100 Jahre Ende des Ersten Weltkriegs: Das Hamburger Ehrenmal auf dem Rathausmarkt

Montags gegen Nazis.
Montags erinnere ich daran, was passiert, wenn es mit der Demokratie bergab geht und wie es anfing, denn die Nazis fielen ja nicht 1933 vom Himmel. Die krochen schon Jahre vorher aus ihren Löchern, wurden nicht rechtzeitig aufgehalten, auch, weil man sie nicht ernst nahm, dachte, es wird schon nicht so schlimm.

Wurde es aber.

In loser Folge gibt's hier also montags Kunst und Denkmäler gegen Faschismus, Nationalismus und Rassismus. Orte, die daran erinnern, gibt es nicht nur in unserer Stadt genug, denn wie gesagt: Wir hatten das schon mal.

Wie es zu dieser Beitragsreihe gekommen ist, kannst Du hier nachlesenAlle Beiträge aus dieser Reihe findest Du, wenn Du hier klickst. Infos zu den Demonstrationen der demokratischen Mehrheit findest Du u.a. beim Hamburger Bündnis gegen Rechts.

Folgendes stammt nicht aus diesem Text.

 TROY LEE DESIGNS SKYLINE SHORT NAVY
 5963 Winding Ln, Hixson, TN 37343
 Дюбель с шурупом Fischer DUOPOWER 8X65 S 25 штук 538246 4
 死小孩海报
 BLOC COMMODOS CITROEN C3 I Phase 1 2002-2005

Relief des Hamburger Ehrenmals: Trauernde mit Kind.
Gestern vor 100 Jahren endete der Erste Weltkrieg. Dass ihm bald ein zweiter folgen würde, ahnte man damals nicht. Ich hoffe, ihm folgt kein dritter, aber ich bin bei allem Optimismus nicht nur Pazifistin, sondern auch Realistin.

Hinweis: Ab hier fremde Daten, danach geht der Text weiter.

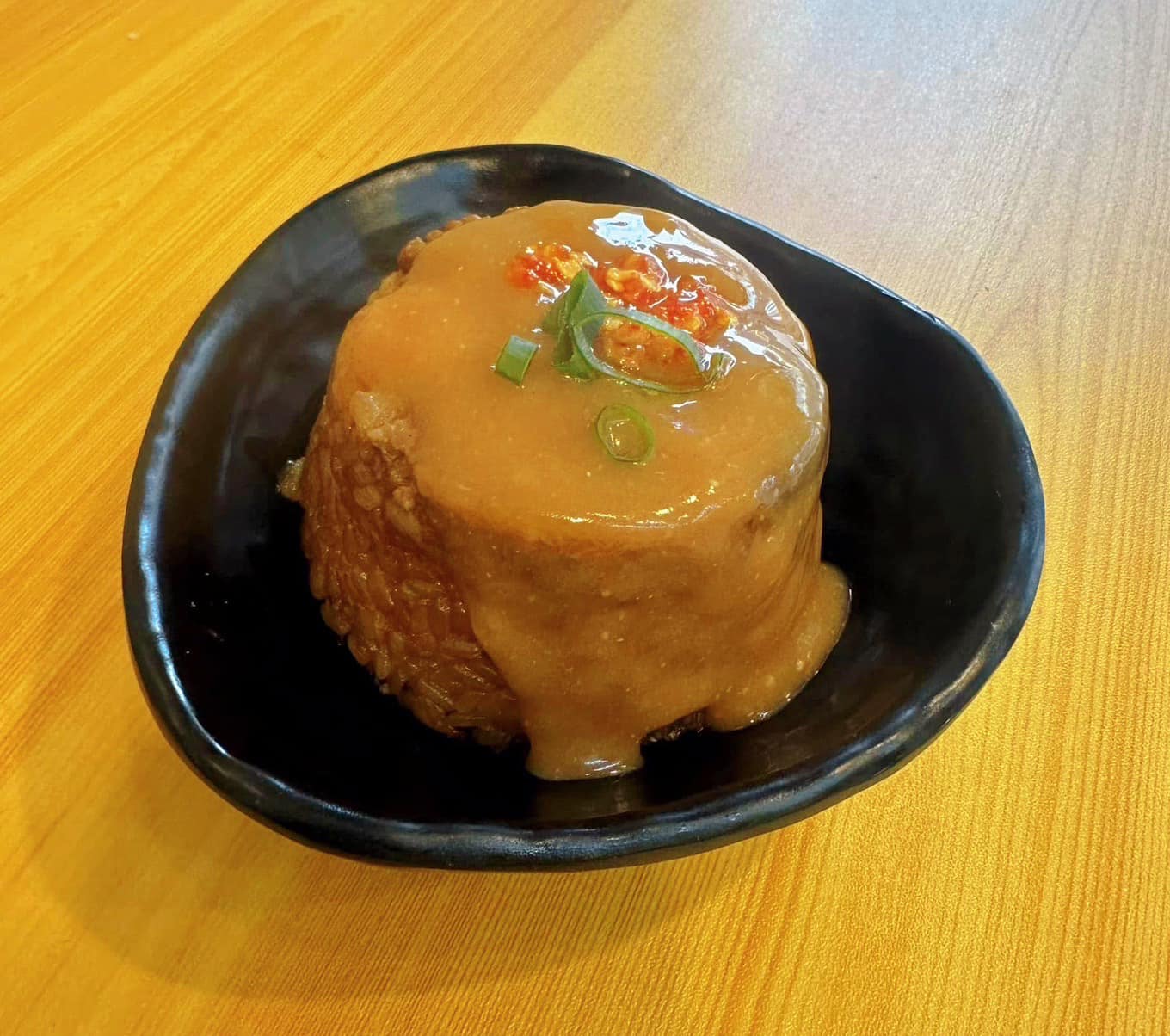 我是頭份人 | 本味甜不辣新美食 可以提供您選擇（另有新菜色） | Facebook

Das offizielle Gefallenendenkmal der Stadt steht an prominenter Stelle auf dem Rathausmarkt, an der Treppe zur Kleinen Alster. Der Platz ist bewusst gewählt, bricht er doch den Postkartenblick zur Alster. Die schlichte, 21 Meter hohe Muschelkalk-Stele wird am 2. August 1931 eingeweiht. Schon seit der Planungsphase war es bei Kriegerverbänden, Deutschnationalen, Rechtskonservativen und Nationalsozialisten umstritten, stellt es doch die Trauer der Hinterbliebenen in den Mittelpunkt.

Blick auf das Ehrenmal und das Rathaus.
So zeigt das Denkmal keinen Soldaten, der vermeintlich heroisch für Volk und Vaterland fällt, sondern eine trauernde Schwangere, die ein Kind tröstet: "Trauernde Mutter mit Kind" heißt das von Ernst Barlach geschaffene Relief.

"Vierzig Tausend Söhne der Stadt ließen ihr Leben für Euch" lautet die schlichte Inschrift, die von den kriegstreiberischen Rechten als Kampfansage verstanden wurde - zu recht. Den Zusatz "für Euch" wollte die SPD verhindern, sah sie in ihm doch ein Zugeständnis an die Rechten. Mit einer Konsequenz, die die SPD heute oft vermissen lässt, wird parallel zur Errichtung der Stele das Reiterstandbild Kaiser Wilhelms I. vorm Rathausmarkt entfernt (es steht heute am Sievekingplatz).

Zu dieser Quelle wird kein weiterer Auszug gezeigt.